Event and wedding planners run into a version of the MTD threshold question nobody else quite has: you handle huge amounts of money that isn't really "yours" in any meaningful sense. florist invoices, venue deposits, catering balances, all paid through you and recharged to the client. Whether that counts as your income for MTD purposes catches a lot of planners off guard, and it's rarely explained clearly.
A planner coordinating a £30,000 wedding might personally earn a £4,000 planning fee, while the other £26,000 flows through their account to venues, caterers and florists. It feels obvious that only the £4,000 is "really" their income. For tax purposes, that instinct is often wrong, and getting this distinction right matters enormously for working out where you stand against the MTD threshold.

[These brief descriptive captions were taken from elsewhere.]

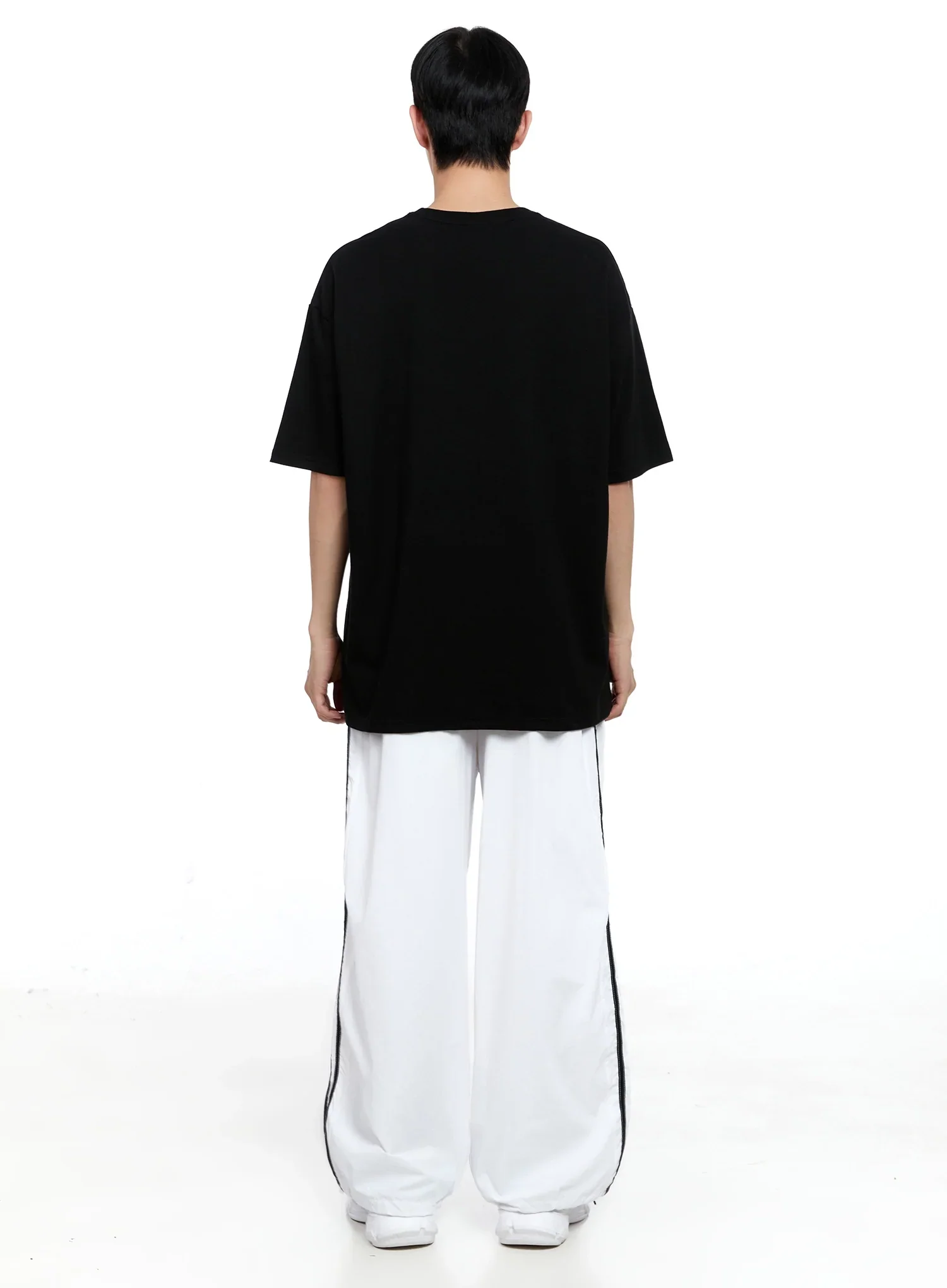 Men's No.9 Graphic Tee IG520 - Image 15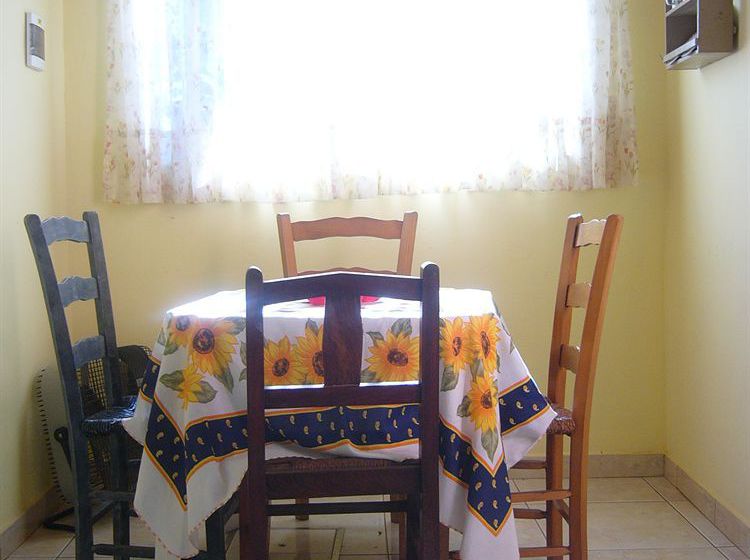 פנסיון Guayra Guest House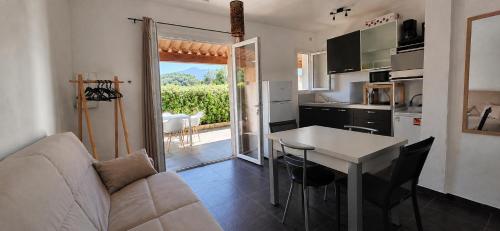 Studio Dolce & Vita A1 avec piscine et terrasse - Location saisonnière - Propriano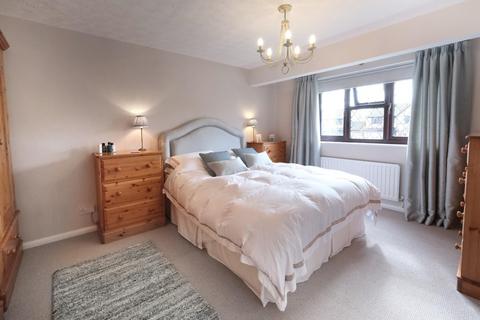 18 Dugdale Avenue, Bidford On Avon, Alcester, B50 4QE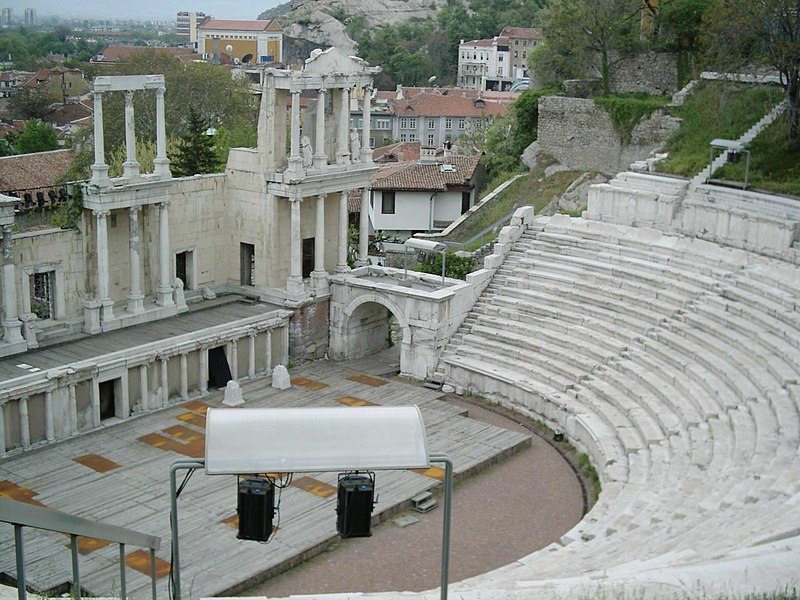 File:RomanTheaterPlovdiv.jpg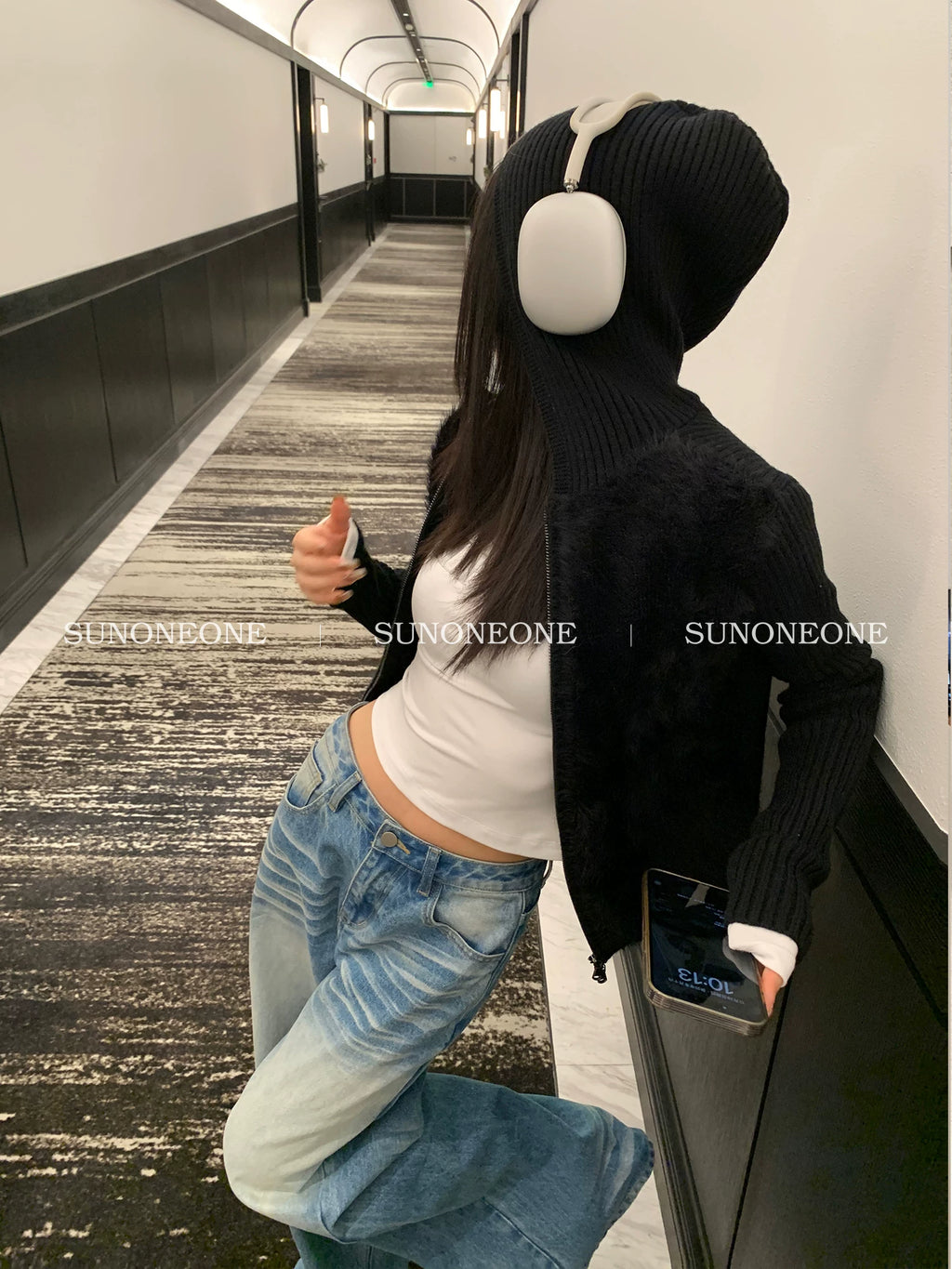 SUNONEONE Crease Mopping Loose Jeans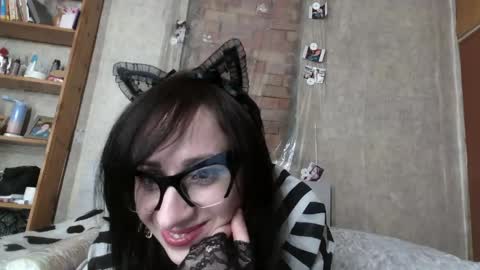 Snapshot of barbie_rococo chatting on April 24, 7:27 pm barbie_rococo online show from April 24, 7:27 pm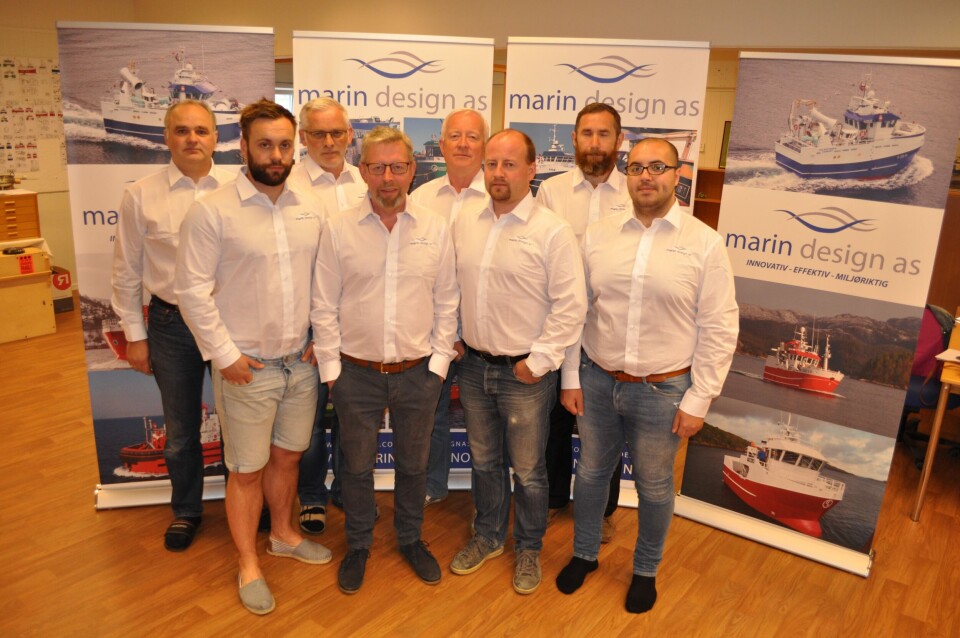 Marin Design har per dags dato ni ansatte, og administrerende direktør Ole Andreas Holm sier de ønsker å ansatte flere. ( nyansatte Vegard Solheim mangler på bildet). Foto: Marin Design AS.
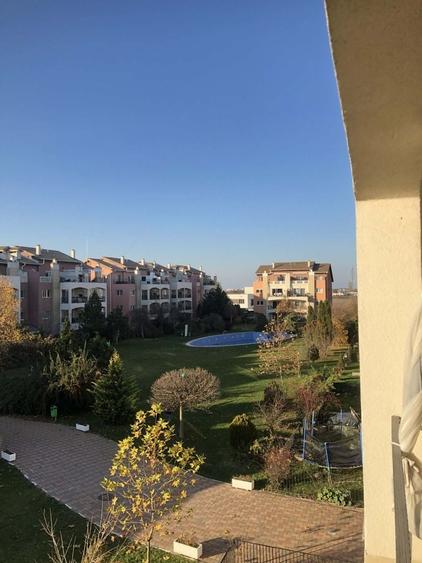 Apartament cu 3 camere decomandat în Tunari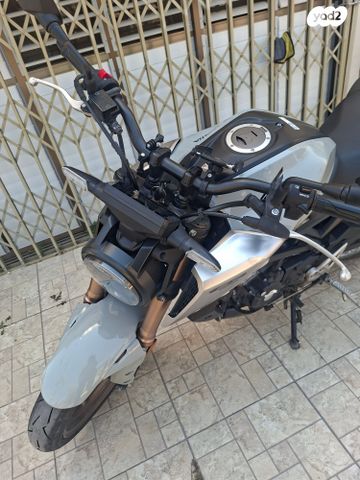הונדה CB125R
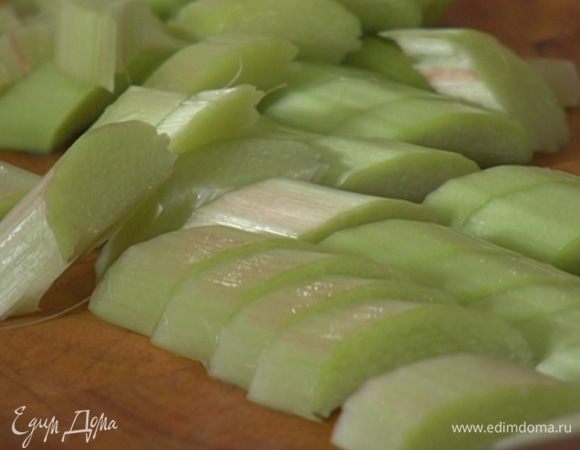Ревень очистить от грубой кожицы и нарезать небольшими кусочками.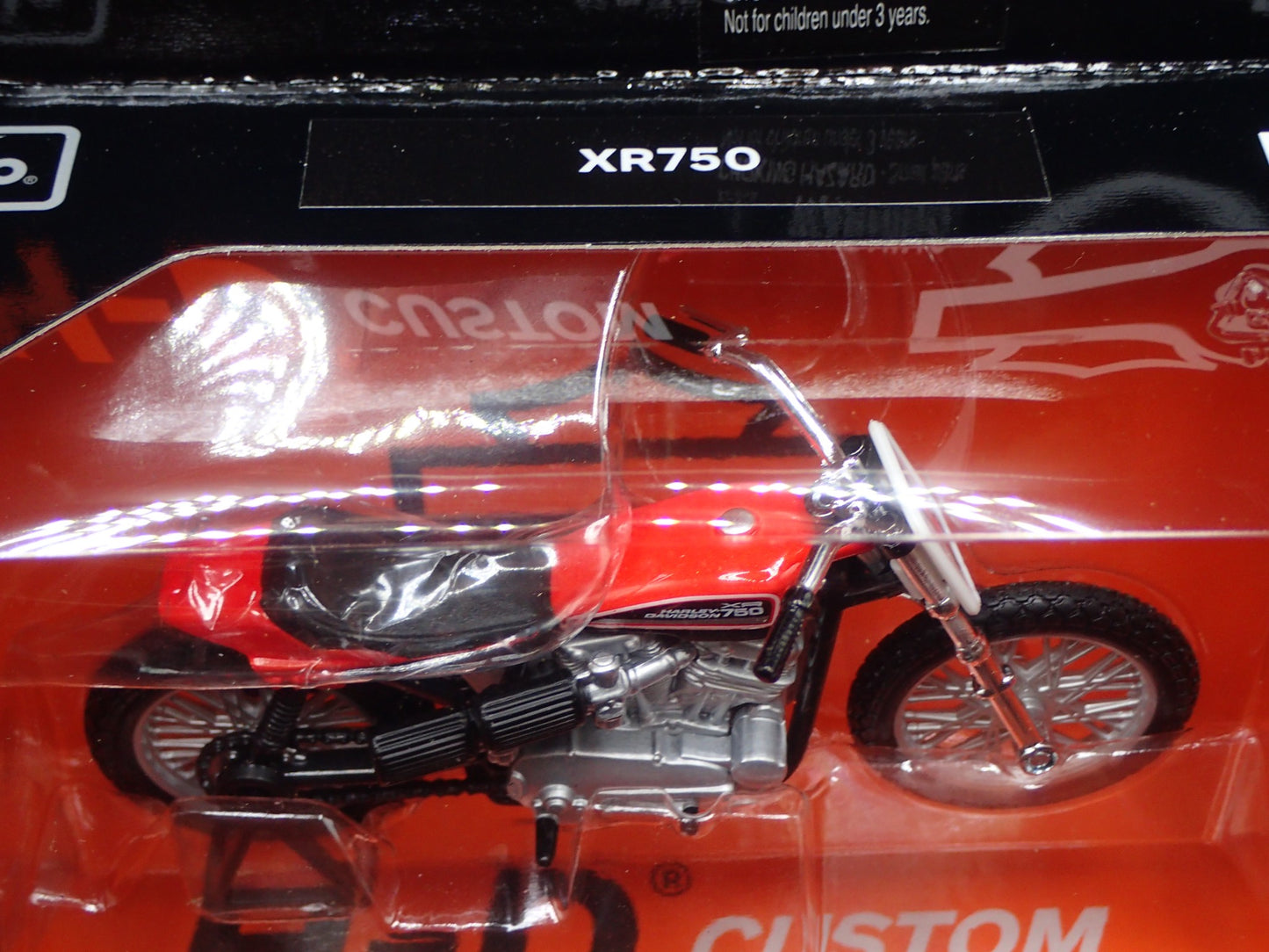 1972 72 XR750 RACING BIKE HARLEY DAVIDSON MAISTO SERIES 40 1/18 MOTORCYCLE MODEL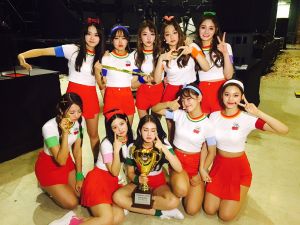 IOI obtient sa première victoire en tant que groupe complet avec "Very Very Very" dans "Show Champion", des performances de Ladies 'Code, SF9, PENTAGON et plus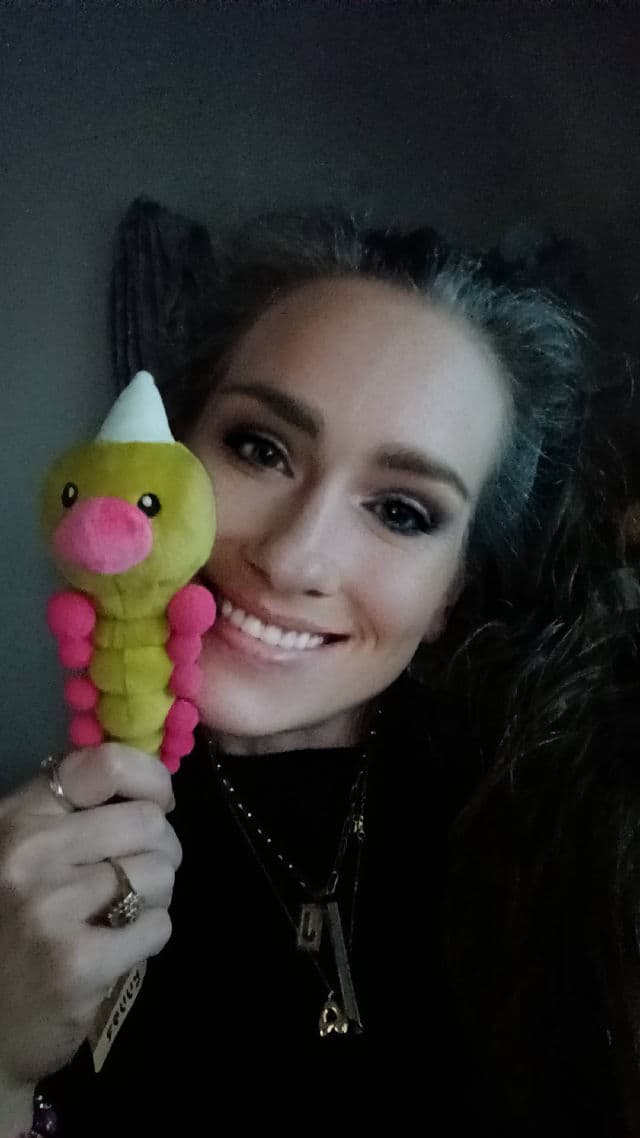 It Cosmetics Lash Blowout Volumizing Mascara review photo by FuzzyFizzyFox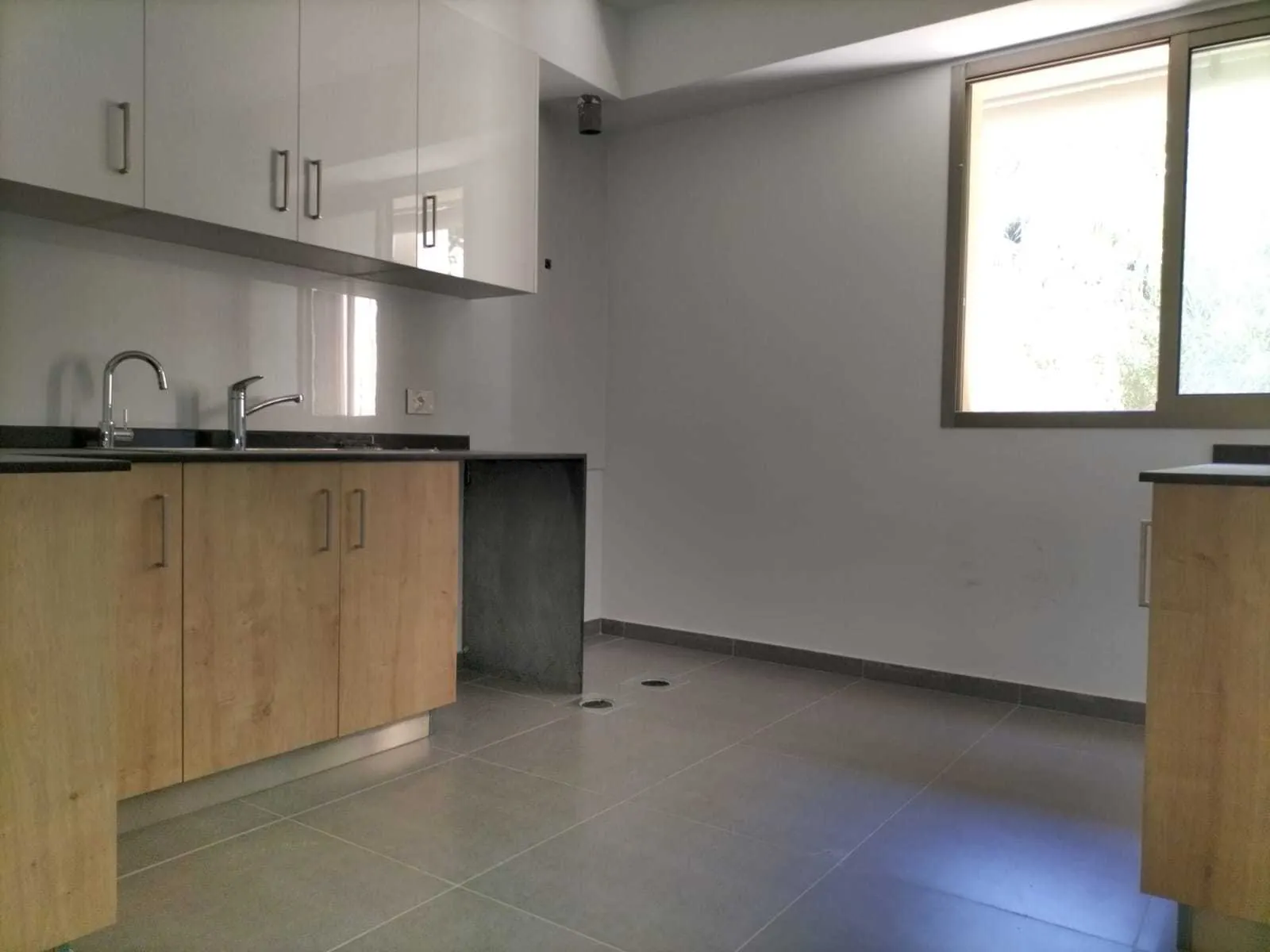 Apartment in Louaizeh, Baabda with Mountain View — photo 2
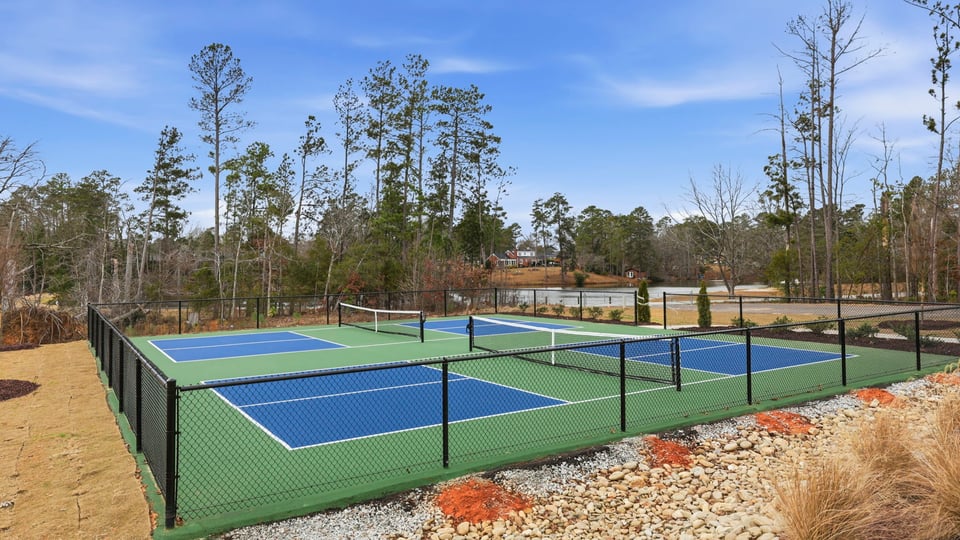 Pickleball court at Seven Oaks.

The key test is who the supplier actually bills. If you pay a florist yourself and then invoice your client for the total (your fee plus the flowers), that recharged amount is normally treated as your trading income when you receive it from the client, with a matching expense when you paid the florist. Your turnover includes both sides, even though your profit only reflects the difference.
The exception is genuine agency arrangements: if a venue or caterer invoices your client directly and you never handle that money yourself, it was never your income and doesn't enter your turnover at all. This is a real distinction with real consequences, so if you're unsure which model your contracts create, it's worth confirming with an accountant.
Weddings and events are typically booked long before they happen, with deposits taken months or over a year in advance. Under the cash basis, the default method for most sole traders, a deposit is income on the date you receive it, not the date of the event. A £2,000 deposit taken in January for a wedding the following August is reported in the quarter you were paid.
Luz's actual profit is close to her £18,000 planning fee, but her gross turnover for MTD purposes is £52,500, since the recharged supplier costs count as income even though they're fully offset by a matching expense. That puts her over the current £50,000 threshold, despite her real earnings being far lower.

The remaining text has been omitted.